Makassar cukup bersejarah buat saya, karena ini kota yang pertama kali saya datangi naik kapal Pelni Tilongkabila dari Labuan Bajo (kapal yang asyik, kita bisa nonton pilm layar tancep sambil makan pop mie). Tahun 2008 saya mengunjungi Makassar dalam perjalanan ke Tana Toraja, jadi nggak banyak yang saya inget dari kota ini kecuali coto-nya. Klise memang, tapi untuk benar-benar merasa di Makassar kita harus tahu bedanya soto dengan coto (kalo ada yang bilang soto pake daging sapi dan coto pake daging capi, mohon maap jawaban anda SALAH ya). Intinya sih, kalo di Makassar pesan saja coto, soalnya kalau pesannya soto, bikin kita pingin naik pesawat PP ke Semarang, beli soto semangkok dan dibawa untuk ditunjukin ke penjualnya gimana yang namanya soto itu seharusnya dibikin. Soto di Makassar adalah semacam coto tapi kayaknya dibikin waktu mati lampu.
Kedua kali ke Makassar adalah untuk datang ke nikahan sohib saya waktu coass dulu. Di sini cerita saya panjang karena melibatkan perjalanan ke pulau Lae-lae, yang bukan pulau liburan romantis babar blas tapi kampung halaman buat sekumpulan orang yang meninggali rumah tanpa sertifikat. Kenapa saya bisa terdampar di sini?
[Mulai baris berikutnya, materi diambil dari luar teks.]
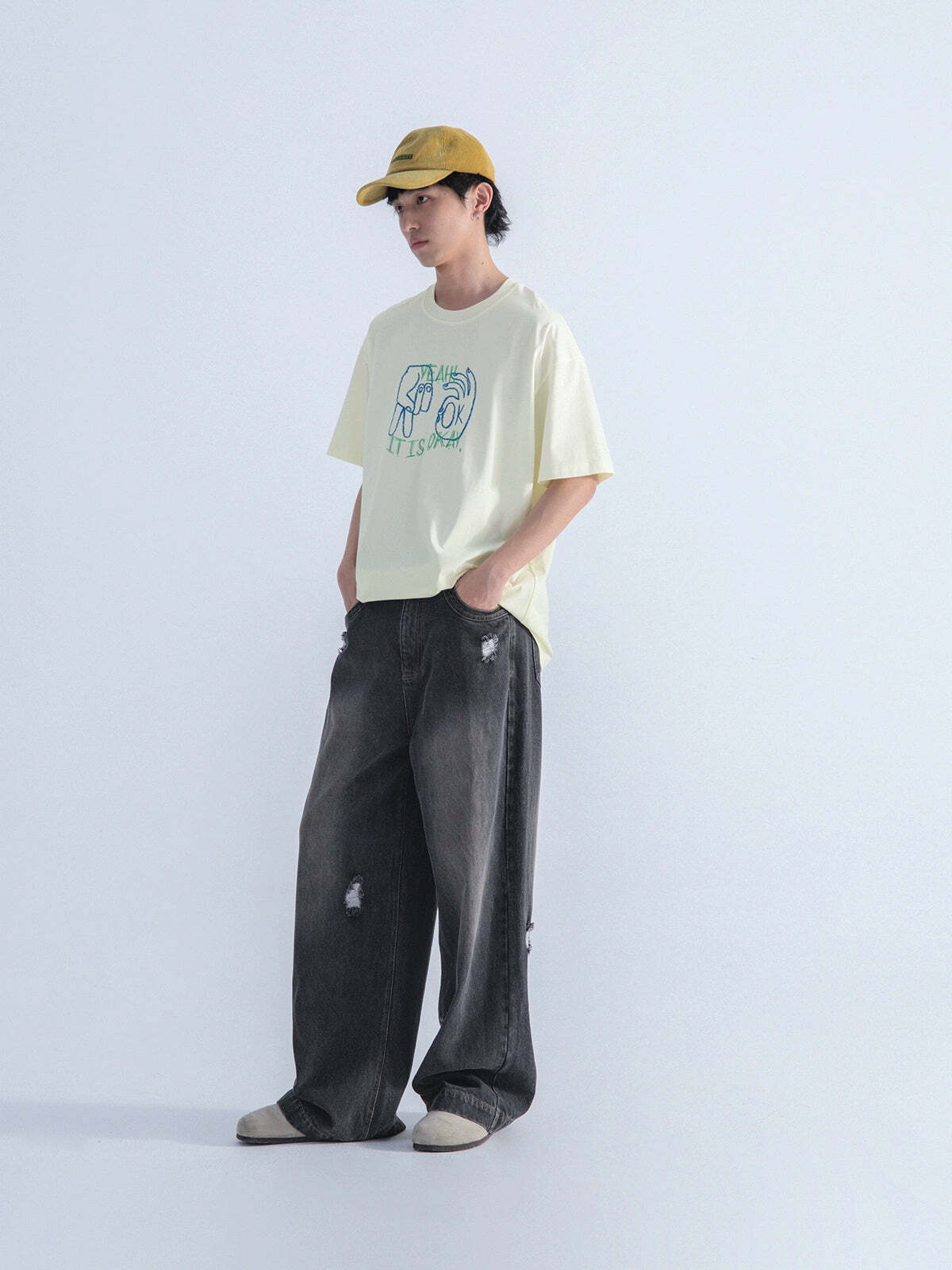Mentmate 'OK' Tee - Y2K Summer Grunge, 90s Retro, Pastel Goth, Hip Hop Fashion for Women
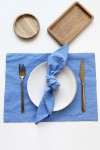 Cornflower blue cotton napkins set Dinner Wedding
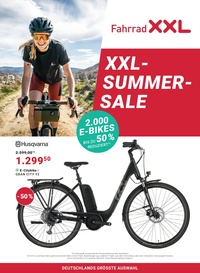 Fahrrad XXL Prospekt - Fahrrad XXL Juli 2025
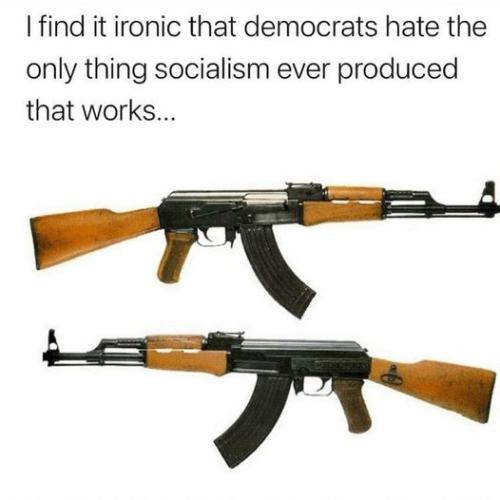 __ - I find it ironic that democrats hate the only thing socialism ever produced that works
Karena saya terlalu pelit buat bayar carter perahu ke Samalona, dan lebih suka ikut perahu anak sekolah ke desa nelayan yang nggak ada turisnya sama sekali. Semula perjalanan saya berlangsung lancar sampai saya memutuskan buat pergi cari kerang sama anak-anak nelayan. Perahu yang kami tumpangi itu kecil dan berlengan satu (semacam katinting, lihat gambar, dengan lengan kayu untuk keseimbangan). Di tengah laut anak-anak ini main-main dengan pura-pura ninggalin temennya yang lagi nyelam cari kerang. Akibatnya anak-anak ini sempat bergelantungan di sisi perahu karena temannya mendayung terlalu cepat. Saat itulah, tiba-tiba ada ombak yang lumayan besar. Perahu kami terbalik dengan sukses. Enggak ada yang pake jaket pengaman. Sepersekian detik dan tiba-tiba jatuh ke laut bikin kita mikir tentang perasaan korban tsunami. Oke, ini cuman air tapi di tengah laut. Untungnya semua orang pada dasarnya bisa berenang, cuman karena tidak siap nyebur kulit kami tergores-gores entah apa waktu berusaha naik lagi ke perahu. Plus buat saya, waktu jatuh ke air perahunya persis ada di atas jadi harus berenang memutar biar bisa naik. Perahu ini akhirnya berhasil dinaiki dalam posisi terbalik, persis wadah klepon yang jatuh dari meja, perahu ini timbul tenggelam di laut. Anak-anak laki-laki berhasil membawa perahu menepi, di pantai yang karangnya licin dan nggak ada pasir, yang jelas nggak pernah dikunjungi orang karena kami susah mencari sampah seperti bekas botol air mineral, bungkus indomie, softex, pampers etc. Bukannya kami bermaksud cari sampah juga sih, tapi setelah perahu berhasil dibalik ke posisi semula kami harus mengosongkan bagian dalam yang penuh berisi air. Jadi di sini, botol aqua sangat membantu. Sayangnya kami cuman nemu tempurung kelapa. Jadi inilah alat buat ngosongin air di dalam perahu.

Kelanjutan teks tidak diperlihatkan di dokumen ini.